Both of us scanned the front page, glancing carefully at each story; there was nothing there about giant seed pods or Professor L. Bernard Budlong, and I turned the page. In the upper left-hand corner of page three was a rectangular hole, two columns wide by five or six inches deep; a news story had been neatly sliced out with a razor blade, and Becky and I glanced at each other, then scanned the rest of that page, and page two. We found nothing of what we were looking for, nor did we find it in the remaining three pages of the May 8 Tribune.

We turned to the May 7 issue and began with page one. There was nothing in the paper about Budlong or the pods. On the bottom half of the May 6 Tribune's first page was a hole seven or eight inches long and three columns wide. On the bottom half of the May 5 issue was another hole, just about as long, but only two columns wide.

It wasn't a guess, but a sudden stab of direct, intuitive knowledge – I knew, that's all – and I swung in my chair to stare across the room at Miss Wyandotte. She stood motionless behind the big desk, her eyes fastened on us, and in the instant I swung to look at her, her face was wooden, devoid of any expression, and the eyes were bright, achingly intent, and as inhumanly cold as the eyes of a shark.
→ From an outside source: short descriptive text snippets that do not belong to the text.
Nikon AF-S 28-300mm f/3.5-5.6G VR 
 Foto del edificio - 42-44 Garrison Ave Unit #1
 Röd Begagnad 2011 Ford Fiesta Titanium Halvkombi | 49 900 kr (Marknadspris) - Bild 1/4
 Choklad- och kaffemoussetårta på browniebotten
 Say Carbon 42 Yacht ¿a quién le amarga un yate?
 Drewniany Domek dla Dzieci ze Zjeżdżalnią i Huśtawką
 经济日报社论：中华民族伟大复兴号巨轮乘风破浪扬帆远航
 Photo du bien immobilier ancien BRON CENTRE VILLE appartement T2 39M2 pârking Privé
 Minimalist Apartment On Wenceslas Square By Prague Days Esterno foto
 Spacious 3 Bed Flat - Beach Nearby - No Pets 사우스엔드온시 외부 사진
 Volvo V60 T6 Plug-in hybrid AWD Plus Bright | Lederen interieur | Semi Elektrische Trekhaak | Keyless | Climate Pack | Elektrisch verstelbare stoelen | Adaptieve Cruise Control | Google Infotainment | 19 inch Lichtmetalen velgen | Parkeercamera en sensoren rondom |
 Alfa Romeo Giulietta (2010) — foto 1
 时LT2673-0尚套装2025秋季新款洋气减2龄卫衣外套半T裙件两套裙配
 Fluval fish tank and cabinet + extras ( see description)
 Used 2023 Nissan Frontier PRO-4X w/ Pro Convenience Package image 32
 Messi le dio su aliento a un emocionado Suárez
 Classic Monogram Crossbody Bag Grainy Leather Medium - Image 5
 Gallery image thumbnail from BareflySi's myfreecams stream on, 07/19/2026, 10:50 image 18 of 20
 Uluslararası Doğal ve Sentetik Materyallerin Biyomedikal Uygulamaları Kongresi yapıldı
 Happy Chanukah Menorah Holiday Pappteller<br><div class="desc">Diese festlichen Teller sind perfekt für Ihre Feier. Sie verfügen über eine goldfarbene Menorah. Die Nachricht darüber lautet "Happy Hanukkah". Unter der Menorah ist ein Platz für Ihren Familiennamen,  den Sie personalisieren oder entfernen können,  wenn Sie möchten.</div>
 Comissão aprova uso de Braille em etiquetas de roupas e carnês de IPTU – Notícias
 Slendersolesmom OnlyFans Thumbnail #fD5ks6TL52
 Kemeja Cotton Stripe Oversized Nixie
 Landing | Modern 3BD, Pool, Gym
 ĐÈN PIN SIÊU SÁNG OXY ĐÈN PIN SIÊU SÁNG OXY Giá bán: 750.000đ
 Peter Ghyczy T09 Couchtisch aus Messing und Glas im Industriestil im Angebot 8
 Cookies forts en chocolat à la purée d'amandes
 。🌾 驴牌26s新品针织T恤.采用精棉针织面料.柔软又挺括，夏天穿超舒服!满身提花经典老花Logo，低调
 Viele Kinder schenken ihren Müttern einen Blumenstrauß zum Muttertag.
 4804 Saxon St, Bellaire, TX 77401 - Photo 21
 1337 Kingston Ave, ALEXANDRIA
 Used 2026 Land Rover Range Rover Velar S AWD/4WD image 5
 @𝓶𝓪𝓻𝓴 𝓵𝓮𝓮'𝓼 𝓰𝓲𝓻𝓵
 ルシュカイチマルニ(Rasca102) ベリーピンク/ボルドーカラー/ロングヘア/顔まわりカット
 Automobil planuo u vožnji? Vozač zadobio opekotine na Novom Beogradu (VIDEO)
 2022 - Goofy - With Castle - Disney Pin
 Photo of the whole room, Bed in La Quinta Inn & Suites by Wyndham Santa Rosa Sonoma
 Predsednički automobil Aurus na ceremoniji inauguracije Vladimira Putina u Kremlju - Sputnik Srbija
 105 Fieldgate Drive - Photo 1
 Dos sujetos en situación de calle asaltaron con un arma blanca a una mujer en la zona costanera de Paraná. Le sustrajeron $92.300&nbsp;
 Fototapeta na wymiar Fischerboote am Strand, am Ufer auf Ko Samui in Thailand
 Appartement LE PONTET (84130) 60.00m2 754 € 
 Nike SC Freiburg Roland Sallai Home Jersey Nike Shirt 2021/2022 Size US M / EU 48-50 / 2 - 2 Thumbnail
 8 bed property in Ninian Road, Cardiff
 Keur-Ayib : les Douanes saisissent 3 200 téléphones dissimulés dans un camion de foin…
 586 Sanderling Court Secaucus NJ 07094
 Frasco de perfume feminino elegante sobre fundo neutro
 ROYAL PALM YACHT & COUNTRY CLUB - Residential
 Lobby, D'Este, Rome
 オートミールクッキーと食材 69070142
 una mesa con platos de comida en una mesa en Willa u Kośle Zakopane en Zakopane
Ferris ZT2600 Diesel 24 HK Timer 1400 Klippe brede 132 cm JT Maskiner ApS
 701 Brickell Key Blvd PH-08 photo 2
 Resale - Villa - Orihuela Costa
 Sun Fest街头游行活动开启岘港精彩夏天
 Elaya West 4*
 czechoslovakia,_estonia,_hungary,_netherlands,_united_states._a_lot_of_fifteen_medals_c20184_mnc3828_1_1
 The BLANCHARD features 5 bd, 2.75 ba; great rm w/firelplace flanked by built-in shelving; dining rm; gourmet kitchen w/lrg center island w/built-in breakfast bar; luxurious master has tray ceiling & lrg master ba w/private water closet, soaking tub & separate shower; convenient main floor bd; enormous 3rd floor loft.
The moment was less than a moment the flick of an eyelash – because instantly she smiled, pleasantly, inquiringly, her brows lifting in polite question. "Anything I can do?" she said with the calm, interested eagerness typical of her in all the years I had known her.

"Yes," I said. "Would you come here, please, Miss Wyandotte?"

Smiling brightly, she walked around her desk and crossed the room toward us. There was no one else in the library now; it was twenty-six minutes past twelve by the big old clock over her desk, and the only other patron had left a few minutes before.

Miss Wyandotte stepped beside me, I glanced up at her, and she stood looking down at me, her expression pleasantly inquiring. I nodded at the hole on the front page of the newspaper before me. "Just before you brought us this file," I said quietly, "you cut out all references to the seed pods found here last spring, didn't you?"

She frowned – bewildered by this accusation – and leaned forward to stare down in surprise at the mutilated paper on the low round table.

Then I stood up to face her, my face a few inches from hers. I said, "Don't bother, Miss Wyandotte, or whatever you are. Don't bother to put on an act for me." I leaned closer, staring her directly in the eyes, and my voice dropped. "I know you," I said softly. "I know what you are."

For a moment she still stood, glancing helplessly from me to Becky in utter bewilderment; then suddenly she dropped the pretence. Grey-haired Miss Wyandotte, who twenty years ago had loaned me the first copy of Huckleberry Finn I ever read, looked at me, her face going wooden and blank, with an utterly cold and pitiless alienness. There was nothing there now, in that gaze, nothing in common with me; a fish in the sea had more kinship with me than this staring thing before me. Then she spoke. I know you, I'd said, and now she replied, and her voice was infinitely remote and uncaring. "Do you?" she said, then turned on her heel and walked away.

I gestured at Becky, she stood, then we walked on out of the library. Outside, on the sidewalk, we took half a dozen steps in silence, then Becky shook her head. "Even her," she murmured, "even Miss Wyandotte," and the tears shone in her eyes. "Oh, Miles," she said softly, and glanced around, first over one shoulder, then the other, at the houses, quiet lawns, and the street beside us, "how many more?" I didn't know the answer to that, and I just shook my head, and we walked on, toward Becky's house.